- Activity
With the pictures left out, reproduce exactly the lines from the one containing "Additional image 17" through the final line of the entries.

- Records provided
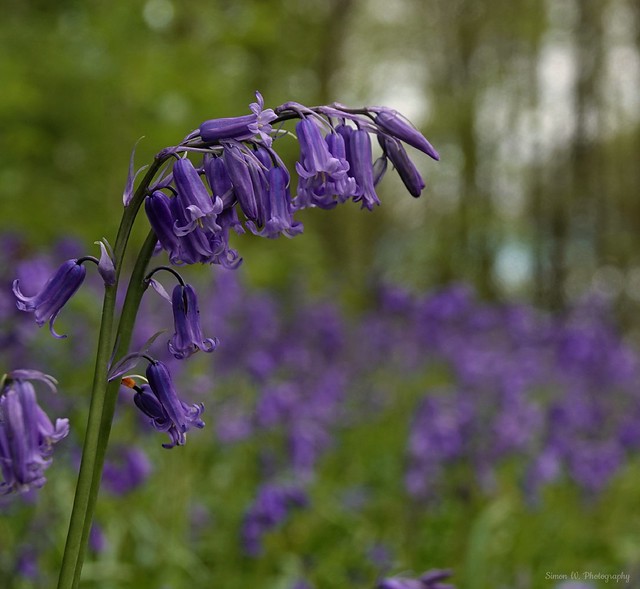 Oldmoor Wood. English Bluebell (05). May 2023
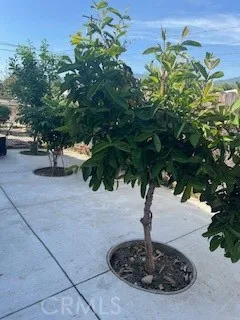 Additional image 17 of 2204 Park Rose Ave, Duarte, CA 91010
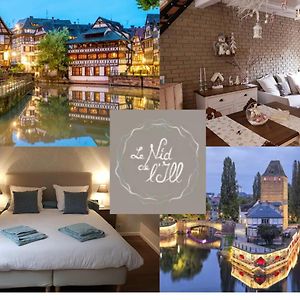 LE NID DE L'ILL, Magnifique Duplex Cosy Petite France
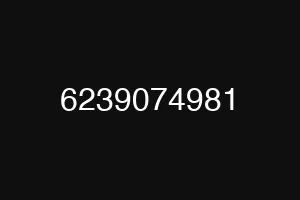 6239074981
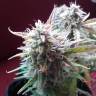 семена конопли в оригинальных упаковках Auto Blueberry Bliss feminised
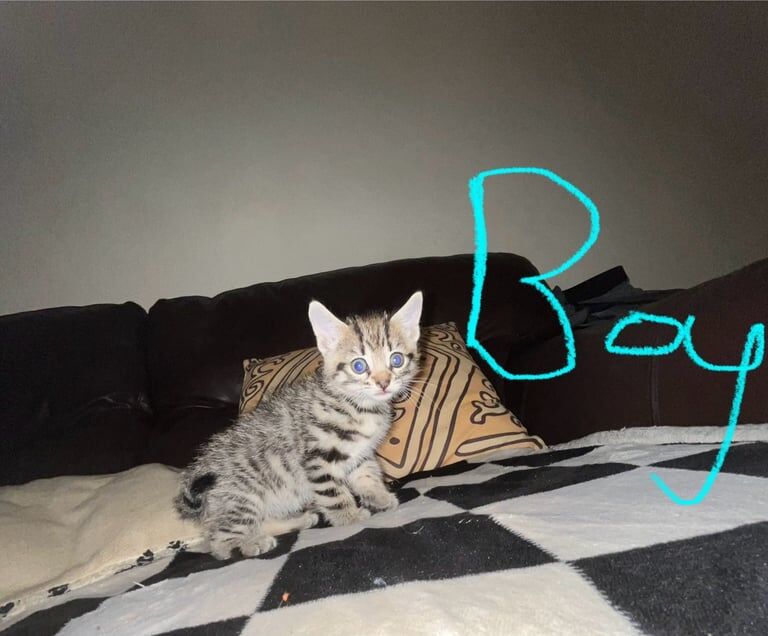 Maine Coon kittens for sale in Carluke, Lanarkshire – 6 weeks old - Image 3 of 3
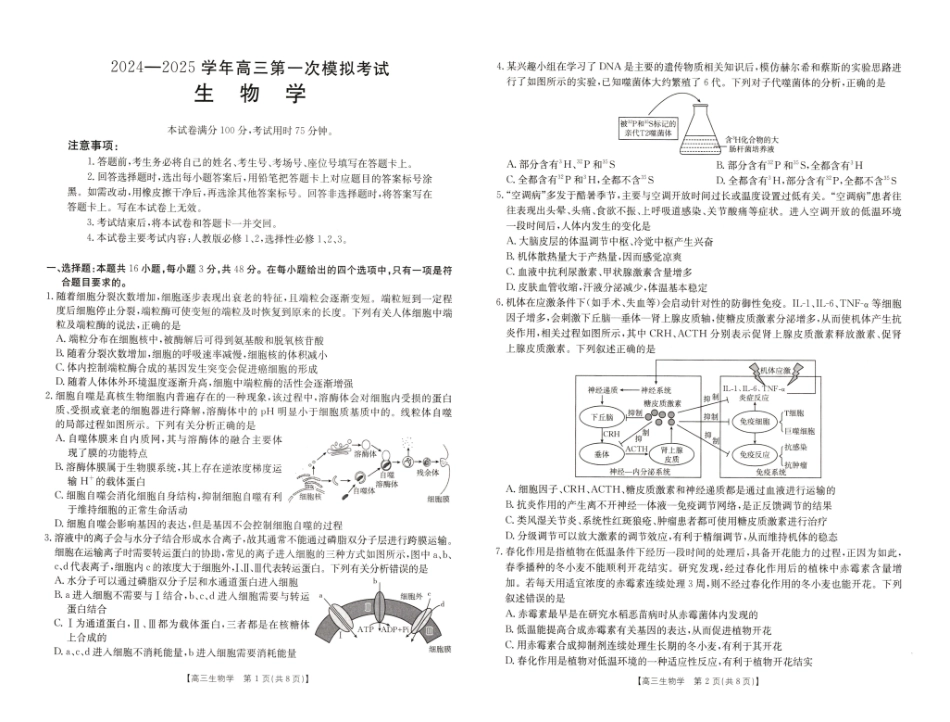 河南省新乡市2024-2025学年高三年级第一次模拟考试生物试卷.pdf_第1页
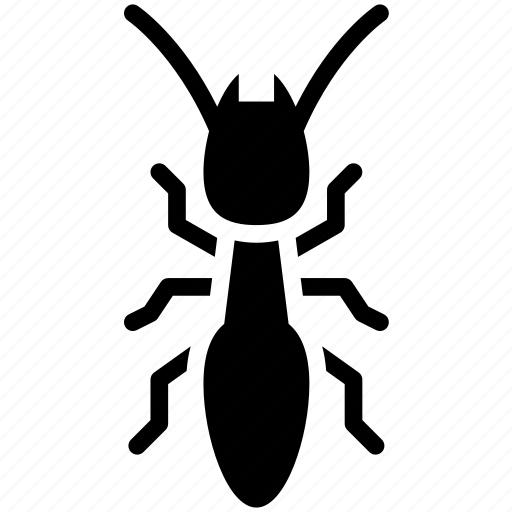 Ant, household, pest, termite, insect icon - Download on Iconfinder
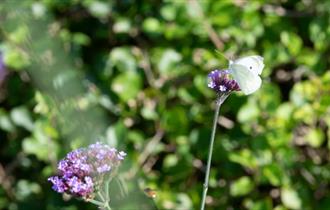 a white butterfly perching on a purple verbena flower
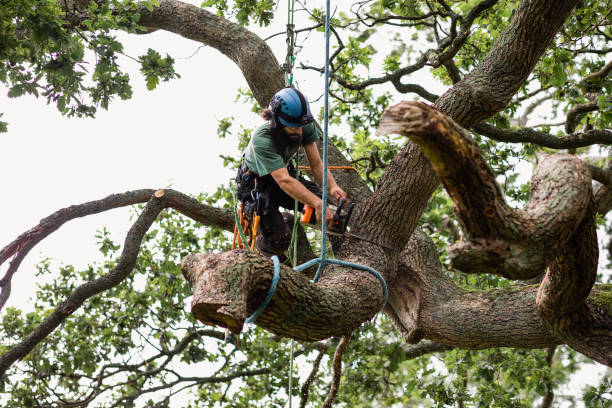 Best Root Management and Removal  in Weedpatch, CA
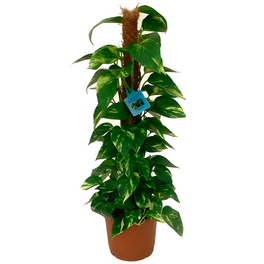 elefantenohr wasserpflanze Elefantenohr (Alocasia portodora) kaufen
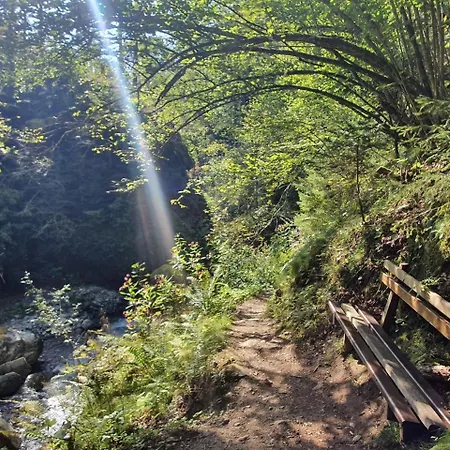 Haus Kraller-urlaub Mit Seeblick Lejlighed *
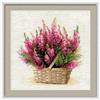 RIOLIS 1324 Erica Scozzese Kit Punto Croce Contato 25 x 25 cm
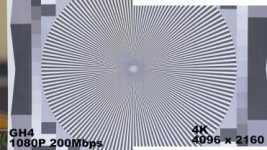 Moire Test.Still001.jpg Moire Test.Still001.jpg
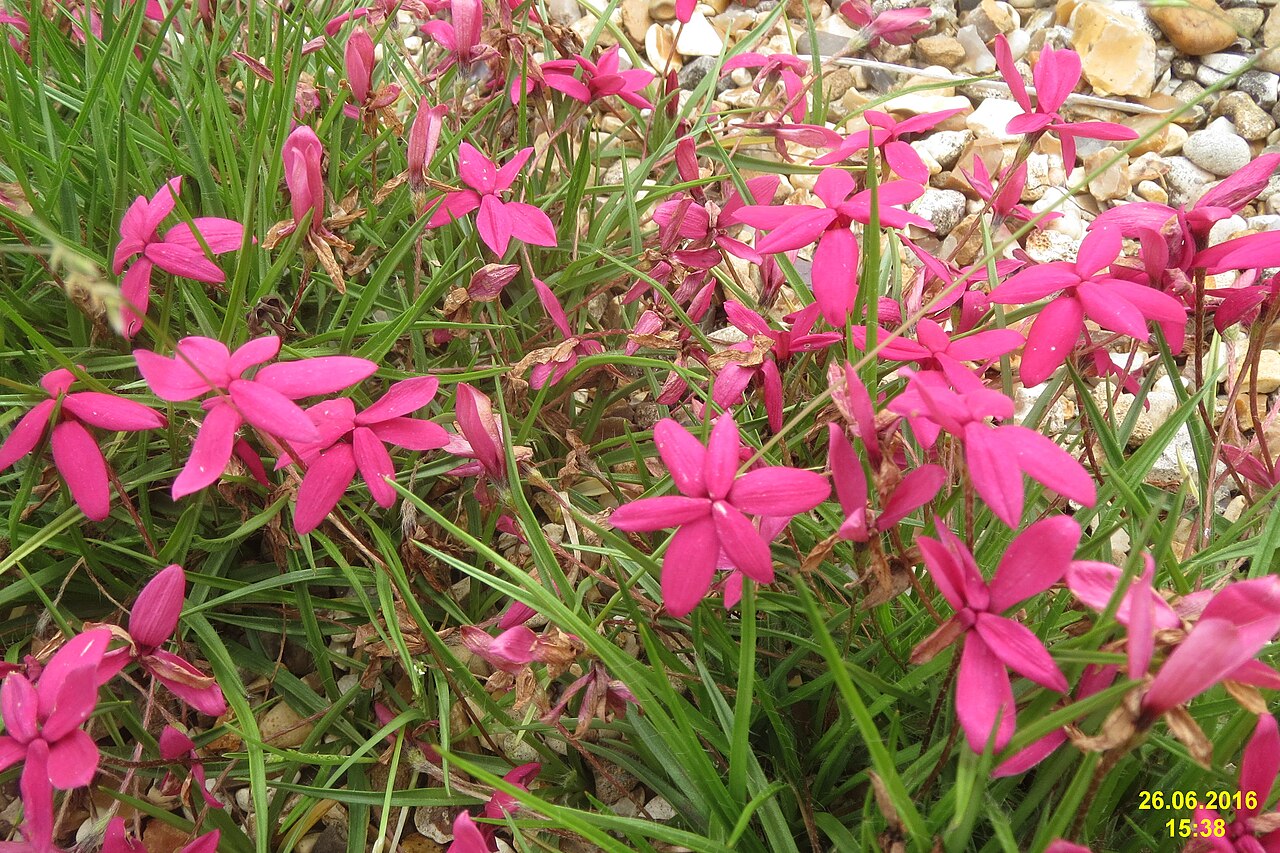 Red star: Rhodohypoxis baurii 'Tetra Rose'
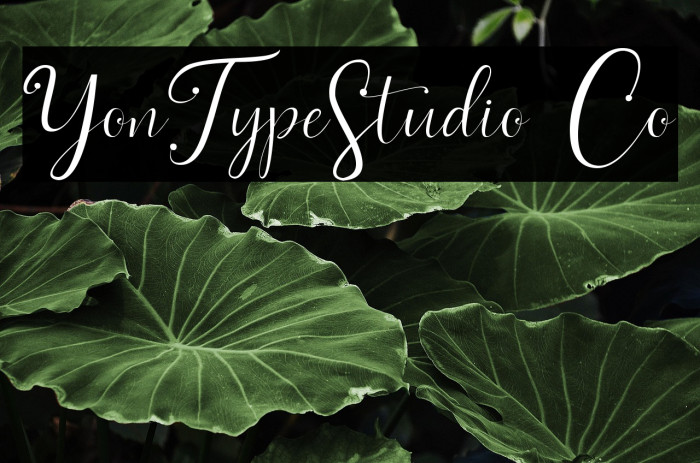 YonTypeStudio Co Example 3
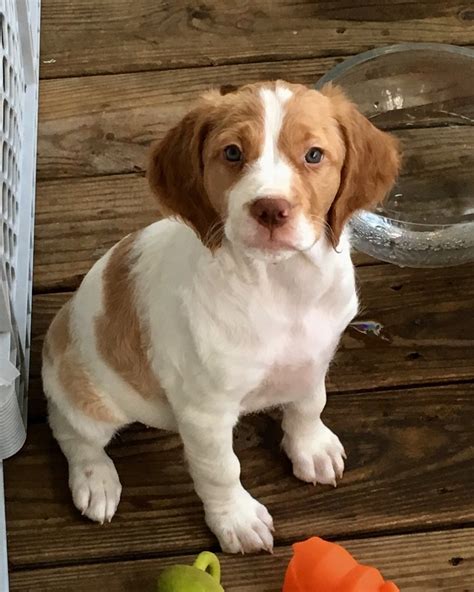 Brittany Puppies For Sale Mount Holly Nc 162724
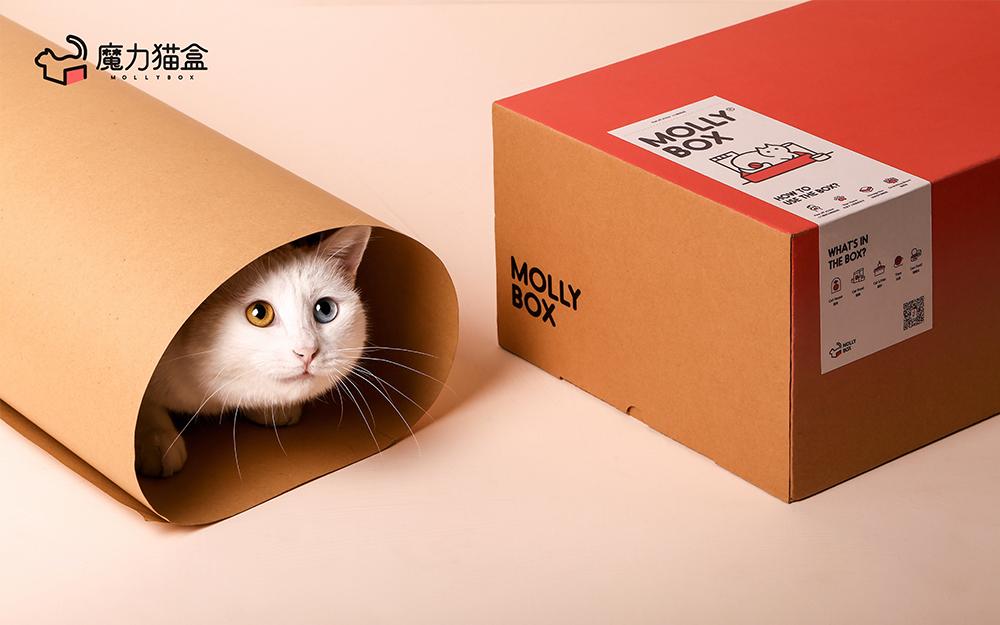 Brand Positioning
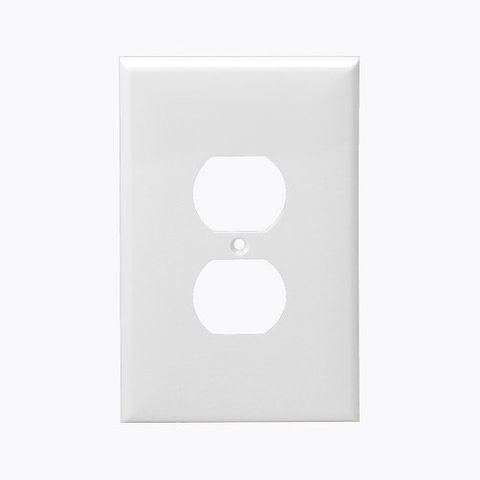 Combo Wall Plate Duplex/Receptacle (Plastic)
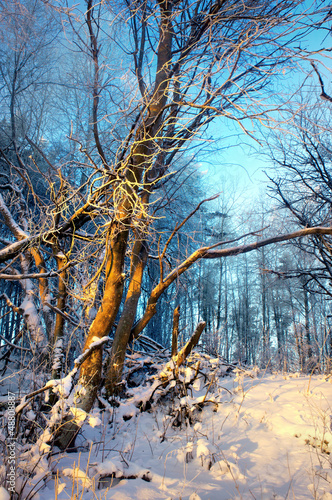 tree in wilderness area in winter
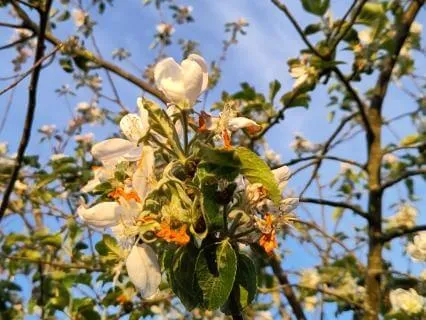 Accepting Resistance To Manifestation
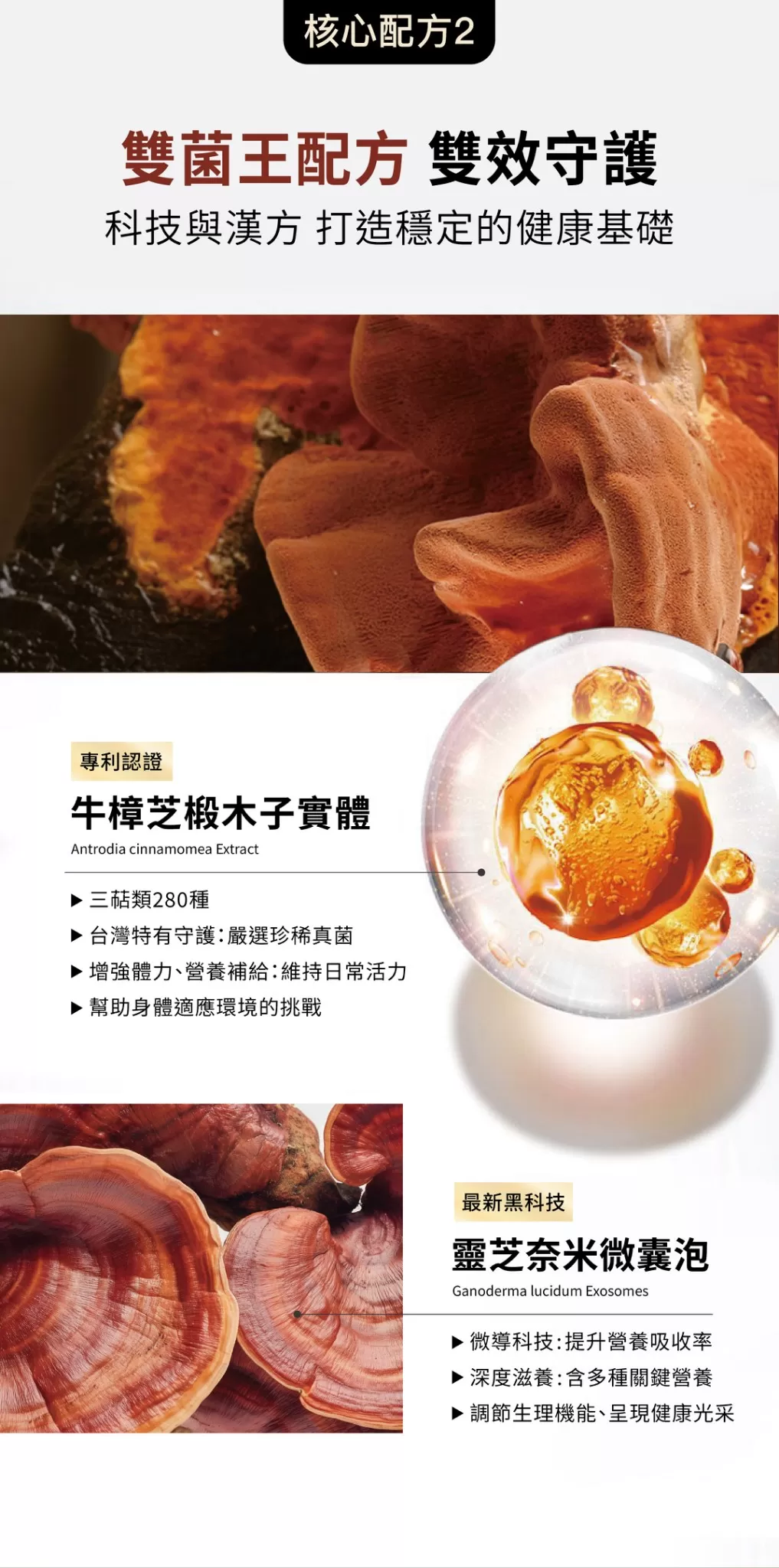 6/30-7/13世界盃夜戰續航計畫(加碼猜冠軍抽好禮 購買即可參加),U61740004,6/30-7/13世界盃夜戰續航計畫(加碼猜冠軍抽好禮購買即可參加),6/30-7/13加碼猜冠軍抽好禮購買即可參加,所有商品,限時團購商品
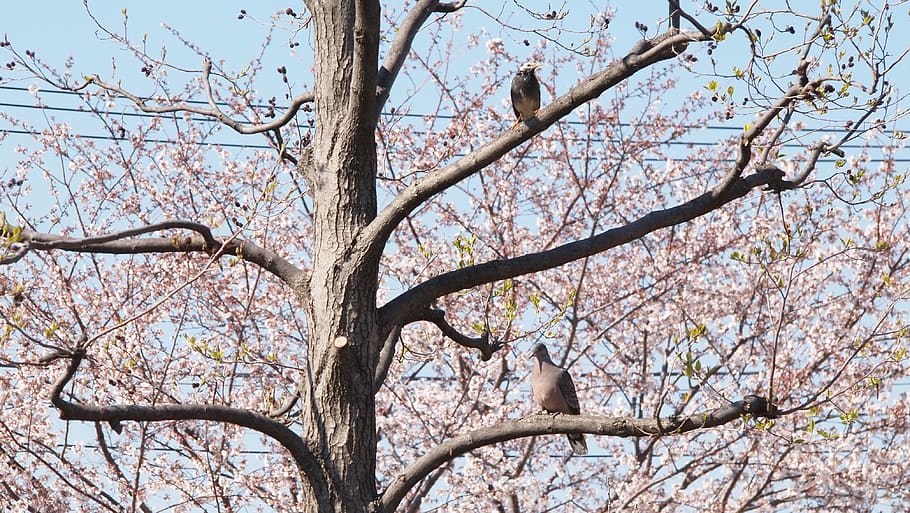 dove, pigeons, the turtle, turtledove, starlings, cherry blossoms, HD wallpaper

- Output
 Additional image 17 of 2204 Park Rose Ave, Duarte, CA 91010
 LE NID DE L'ILL, Magnifique Duplex Cosy Petite France
 6239074981
 семена конопли в оригинальных упаковках Auto Blueberry Bliss feminised
 Maine Coon kittens for sale in Carluke, Lanarkshire – 6 weeks old - Image 3 of 3
 河南省新乡市2024-2025学年高三年级第一次模拟考试生物试卷.pdf_第1页
 Ant, household, pest, termite, insect icon - Download on Iconfinder
 a white butterfly perching on a purple verbena flower
 Best Root Management and Removal  in Weedpatch, CA
 elefantenohr wasserpflanze Elefantenohr (Alocasia portodora) kaufen
 Haus Kraller-urlaub Mit Seeblick Lejlighed *
 RIOLIS 1324 Erica Scozzese Kit Punto Croce Contato 25 x 25 cm
 Moire Test.Still001.jpg Moire Test.Still001.jpg
 Red star: Rhodohypoxis baurii 'Tetra Rose'
 YonTypeStudio Co Example 3
 Brittany Puppies For Sale Mount Holly Nc 162724
 Brand Positioning
 Combo Wall Plate Duplex/Receptacle (Plastic)
 tree in wilderness area in winter
 Accepting Resistance To Manifestation
 6/30-7/13世界盃夜戰續航計畫(加碼猜冠軍抽好禮 購買即可參加),U61740004,6/30-7/13世界盃夜戰續航計畫(加碼猜冠軍抽好禮購買即可參加),6/30-7/13加碼猜冠軍抽好禮購買即可參加,所有商品,限時團購商品
 dove, pigeons, the turtle, turtledove, starlings, cherry blossoms, HD wallpaper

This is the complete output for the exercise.